Otherwise, it is hard to understand how Odunayo, even with all the uncertainties in sport, could have lost a match she had already clearly won, at the last minute and in her very first fight.
She is that good – consistent, determined, focused and driven by the winning spirit, the sort that drove some of the greatest competitors in sport – Edwin Moses and Lee Evans in athletics, Mike Tyson in the early years of his boxing and their ilk.
These were athletes who competed as if their lives depended on it.
For several years up till the start of the Olympics, there was not a more hard working athlete than Odunayo.
She lacked nothing to stop her from becoming a champion. Primarily, she was not a government ‘pikin’. The bulk of her expenses and care came directly from the private purse of the General Overseer of a Christian Church in Nigeria who adopted her some years ago.
It is also likely she got substantial support from the Sports Ministry. Whatever the situation may have been, she was probably the most prepared athlete in the entire contingent. Nigerians wrote down a medal against her name in the series of predictions before the Games.

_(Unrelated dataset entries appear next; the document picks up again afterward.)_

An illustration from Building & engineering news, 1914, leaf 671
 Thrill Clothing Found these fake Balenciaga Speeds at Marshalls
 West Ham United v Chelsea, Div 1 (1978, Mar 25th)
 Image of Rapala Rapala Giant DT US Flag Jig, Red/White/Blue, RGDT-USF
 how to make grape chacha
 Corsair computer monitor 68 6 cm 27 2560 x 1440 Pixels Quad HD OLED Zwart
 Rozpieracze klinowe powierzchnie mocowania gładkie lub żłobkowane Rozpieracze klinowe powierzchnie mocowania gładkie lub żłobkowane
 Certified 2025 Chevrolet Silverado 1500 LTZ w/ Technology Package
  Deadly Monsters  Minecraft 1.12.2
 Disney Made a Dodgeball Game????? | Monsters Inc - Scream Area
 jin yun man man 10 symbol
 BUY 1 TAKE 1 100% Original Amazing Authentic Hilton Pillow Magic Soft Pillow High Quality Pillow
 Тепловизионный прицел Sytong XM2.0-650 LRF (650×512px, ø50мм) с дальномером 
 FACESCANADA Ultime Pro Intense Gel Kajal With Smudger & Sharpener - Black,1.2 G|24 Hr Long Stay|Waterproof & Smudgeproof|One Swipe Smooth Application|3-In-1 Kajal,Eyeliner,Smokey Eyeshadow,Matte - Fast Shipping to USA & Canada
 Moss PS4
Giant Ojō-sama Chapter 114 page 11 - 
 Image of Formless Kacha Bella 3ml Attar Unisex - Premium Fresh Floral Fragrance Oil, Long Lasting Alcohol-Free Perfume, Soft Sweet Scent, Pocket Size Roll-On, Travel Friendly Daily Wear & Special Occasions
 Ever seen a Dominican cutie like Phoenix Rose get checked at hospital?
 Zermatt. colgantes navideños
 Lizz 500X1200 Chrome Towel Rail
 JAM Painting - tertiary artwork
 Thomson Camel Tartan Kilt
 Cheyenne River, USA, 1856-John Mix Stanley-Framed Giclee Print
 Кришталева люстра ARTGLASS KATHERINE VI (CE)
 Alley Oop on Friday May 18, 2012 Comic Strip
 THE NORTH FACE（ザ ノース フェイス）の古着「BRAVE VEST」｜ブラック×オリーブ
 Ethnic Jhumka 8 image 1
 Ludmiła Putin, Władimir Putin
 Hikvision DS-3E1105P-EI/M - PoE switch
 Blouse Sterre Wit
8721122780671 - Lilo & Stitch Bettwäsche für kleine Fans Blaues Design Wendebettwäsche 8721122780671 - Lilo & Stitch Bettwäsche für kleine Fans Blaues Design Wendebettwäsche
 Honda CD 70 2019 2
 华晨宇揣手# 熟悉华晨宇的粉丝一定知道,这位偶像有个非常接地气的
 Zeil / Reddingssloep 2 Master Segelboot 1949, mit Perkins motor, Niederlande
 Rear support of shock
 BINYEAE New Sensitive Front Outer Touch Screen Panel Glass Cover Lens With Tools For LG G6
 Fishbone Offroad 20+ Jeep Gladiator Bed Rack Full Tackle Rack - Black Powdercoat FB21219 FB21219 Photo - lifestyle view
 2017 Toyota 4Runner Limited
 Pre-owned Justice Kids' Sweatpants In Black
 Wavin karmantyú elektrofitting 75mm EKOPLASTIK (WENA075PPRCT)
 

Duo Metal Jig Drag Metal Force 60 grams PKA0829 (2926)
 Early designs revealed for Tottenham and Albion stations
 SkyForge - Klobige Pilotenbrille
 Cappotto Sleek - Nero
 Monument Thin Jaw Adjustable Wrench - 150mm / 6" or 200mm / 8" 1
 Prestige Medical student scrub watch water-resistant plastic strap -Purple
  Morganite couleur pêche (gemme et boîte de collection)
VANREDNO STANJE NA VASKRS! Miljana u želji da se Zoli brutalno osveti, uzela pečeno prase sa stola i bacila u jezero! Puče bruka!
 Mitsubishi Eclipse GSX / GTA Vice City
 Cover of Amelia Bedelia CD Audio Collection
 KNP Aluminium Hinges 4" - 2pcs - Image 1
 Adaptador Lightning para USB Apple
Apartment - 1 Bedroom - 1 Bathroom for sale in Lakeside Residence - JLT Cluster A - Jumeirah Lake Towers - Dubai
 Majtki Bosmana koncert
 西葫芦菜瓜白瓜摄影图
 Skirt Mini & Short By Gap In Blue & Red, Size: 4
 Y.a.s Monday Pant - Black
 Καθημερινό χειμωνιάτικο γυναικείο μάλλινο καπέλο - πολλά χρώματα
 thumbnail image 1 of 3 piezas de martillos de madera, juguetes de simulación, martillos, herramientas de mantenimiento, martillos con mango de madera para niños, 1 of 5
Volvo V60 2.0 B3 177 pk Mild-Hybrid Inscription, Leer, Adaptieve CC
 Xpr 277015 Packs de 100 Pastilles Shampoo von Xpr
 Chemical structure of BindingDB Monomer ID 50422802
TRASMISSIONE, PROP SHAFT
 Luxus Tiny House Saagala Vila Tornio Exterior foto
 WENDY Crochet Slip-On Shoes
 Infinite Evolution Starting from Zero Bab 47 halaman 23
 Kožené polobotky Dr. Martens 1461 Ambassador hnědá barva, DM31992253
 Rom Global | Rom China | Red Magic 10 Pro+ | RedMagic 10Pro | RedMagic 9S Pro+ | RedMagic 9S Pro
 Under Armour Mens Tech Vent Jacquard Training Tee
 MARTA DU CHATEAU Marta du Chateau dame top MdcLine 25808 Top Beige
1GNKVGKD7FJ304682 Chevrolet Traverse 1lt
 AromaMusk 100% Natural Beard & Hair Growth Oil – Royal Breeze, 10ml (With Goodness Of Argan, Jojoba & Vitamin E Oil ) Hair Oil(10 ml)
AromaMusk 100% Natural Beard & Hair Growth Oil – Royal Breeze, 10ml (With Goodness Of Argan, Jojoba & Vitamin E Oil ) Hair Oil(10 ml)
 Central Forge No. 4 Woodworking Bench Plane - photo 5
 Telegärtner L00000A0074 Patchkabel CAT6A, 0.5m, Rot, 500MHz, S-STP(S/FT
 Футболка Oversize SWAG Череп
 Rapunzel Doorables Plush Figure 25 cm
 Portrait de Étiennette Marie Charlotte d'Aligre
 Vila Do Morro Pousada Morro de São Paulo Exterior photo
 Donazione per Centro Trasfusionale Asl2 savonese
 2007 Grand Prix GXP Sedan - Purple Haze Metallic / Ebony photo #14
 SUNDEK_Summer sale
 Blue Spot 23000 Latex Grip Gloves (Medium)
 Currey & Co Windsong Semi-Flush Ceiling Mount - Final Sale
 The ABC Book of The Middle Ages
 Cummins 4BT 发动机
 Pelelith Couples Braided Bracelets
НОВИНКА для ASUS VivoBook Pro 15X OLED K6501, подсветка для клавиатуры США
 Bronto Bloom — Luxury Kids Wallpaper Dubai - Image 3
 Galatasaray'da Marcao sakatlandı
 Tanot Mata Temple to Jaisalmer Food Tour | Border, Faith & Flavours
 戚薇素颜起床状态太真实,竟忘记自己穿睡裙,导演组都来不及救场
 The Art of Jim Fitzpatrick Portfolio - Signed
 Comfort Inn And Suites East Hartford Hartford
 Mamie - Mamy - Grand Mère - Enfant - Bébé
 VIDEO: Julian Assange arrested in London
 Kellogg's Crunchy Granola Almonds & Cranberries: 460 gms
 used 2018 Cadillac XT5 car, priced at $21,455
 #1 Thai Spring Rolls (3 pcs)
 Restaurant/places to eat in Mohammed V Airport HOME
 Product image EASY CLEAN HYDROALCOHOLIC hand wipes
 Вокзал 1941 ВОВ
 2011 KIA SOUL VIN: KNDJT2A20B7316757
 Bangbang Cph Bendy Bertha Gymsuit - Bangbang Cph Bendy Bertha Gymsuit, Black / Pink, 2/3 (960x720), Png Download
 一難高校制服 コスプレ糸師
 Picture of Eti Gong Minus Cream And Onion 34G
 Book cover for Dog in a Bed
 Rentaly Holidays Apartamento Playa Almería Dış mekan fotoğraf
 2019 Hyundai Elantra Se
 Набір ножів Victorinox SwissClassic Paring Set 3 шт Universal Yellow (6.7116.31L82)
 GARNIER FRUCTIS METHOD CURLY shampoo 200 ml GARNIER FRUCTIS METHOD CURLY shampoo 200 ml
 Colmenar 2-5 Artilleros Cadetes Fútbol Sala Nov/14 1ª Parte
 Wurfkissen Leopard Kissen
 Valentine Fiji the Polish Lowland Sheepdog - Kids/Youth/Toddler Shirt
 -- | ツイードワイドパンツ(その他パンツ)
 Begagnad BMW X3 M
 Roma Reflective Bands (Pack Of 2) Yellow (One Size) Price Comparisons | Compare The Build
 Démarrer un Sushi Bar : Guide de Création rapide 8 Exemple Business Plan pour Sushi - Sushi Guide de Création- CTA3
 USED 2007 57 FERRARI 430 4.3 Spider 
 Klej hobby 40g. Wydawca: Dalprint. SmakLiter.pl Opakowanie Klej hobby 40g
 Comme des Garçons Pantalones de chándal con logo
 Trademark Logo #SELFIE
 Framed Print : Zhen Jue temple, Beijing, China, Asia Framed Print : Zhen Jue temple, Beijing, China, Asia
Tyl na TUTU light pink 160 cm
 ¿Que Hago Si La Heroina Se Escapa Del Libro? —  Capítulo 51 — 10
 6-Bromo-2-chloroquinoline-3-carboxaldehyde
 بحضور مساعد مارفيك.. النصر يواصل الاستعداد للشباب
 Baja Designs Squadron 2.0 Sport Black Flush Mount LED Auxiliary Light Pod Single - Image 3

Her loss deflated what would have been additional celebrations in the Nigerian camp. Instead, the closing chapter is now been written in little tears and deep sadness.
Here in Tokyo, (and ‘The Eye’ has seen reports from Nigeria expressing the same situation) the hunt for medals has ended. So have the exaggerated celebrations. Everyone here has shifted their attention to the aftermath of the Olympics when the team returns to the country this weekend.
The last two events here are at best, ceremonial, because except a miracle happens, the hurriedly assembled relay quartet of a mixed grill of athletes specialising in different events but coming together to challenge for a podium place against the best oppositions in the world, cannot win anything.
The only male Nigerian athlete left in the Shot Put is not even known well enough by Nigerians for them to have any thoughts about how he would fare. His first round performance is encouraging. If he gets on the podium, it is even unlikely he will come back to Nigeria to celebrate the medal.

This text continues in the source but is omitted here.